So as we’ve discussed recently on SaaStr, at the moment Venture Capital is in a bifurcated world. Big AI Growth rounds are absorbing enormous amounts of capital, a record amount. But ordinary B2B VC deals are down.
We saw that across 2024 per EY and other data here:
And per Sapphire Ventures, 2025 is starting off similarly.
Overall deal count in B2B VC (and VC overall) is down again in January:
- Down -8% from December
- Down -64% (!) year-over-year from the start of 2025
This look at VC deals overall since 2019 show the trend even more viscerally. Deals peaked in mid-2021 … and have simply fallen since then. Even as mega growth rounds into AI Unicorns has kept the dollar volume itself up:

And that’s at the same time as the overall number of start-ups keeps growing.
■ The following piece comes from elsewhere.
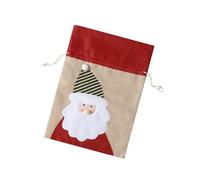 ZYMIADOU Christmas Party Candy Bag Fruits Shape Design Portable Fabric Gift Bag for Children User Friendly Efficient Storage Children Candy Storage Pouches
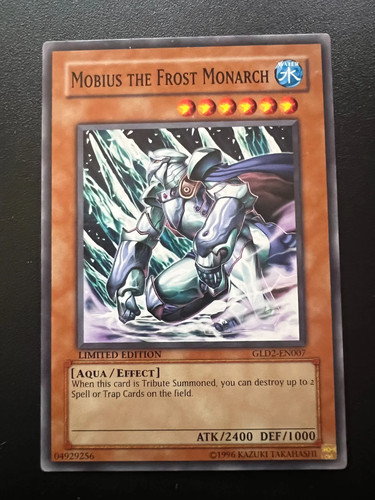 Mobius the frost monarch - the,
Look, tech is overall on fire today. The markets remain up, HubSpot and other leaders are at all-time highs or close, and every YC batch is as full as ever. AI is leading to an explosion in innovation and some of the fastest growth we’ve ever seen in B2B.

It’s just, venture capital is hunting an ever narrower sliver of SaaS and B2B companies. The ones at the growth stage growing at massive rates. And the AI-focused early stage ones that just might grow at Cursor-like rates.
The rest? Less interest than a few months ago and certainly a year ago. Bread-and-butter B2B companies, assume funding is harder even than last year.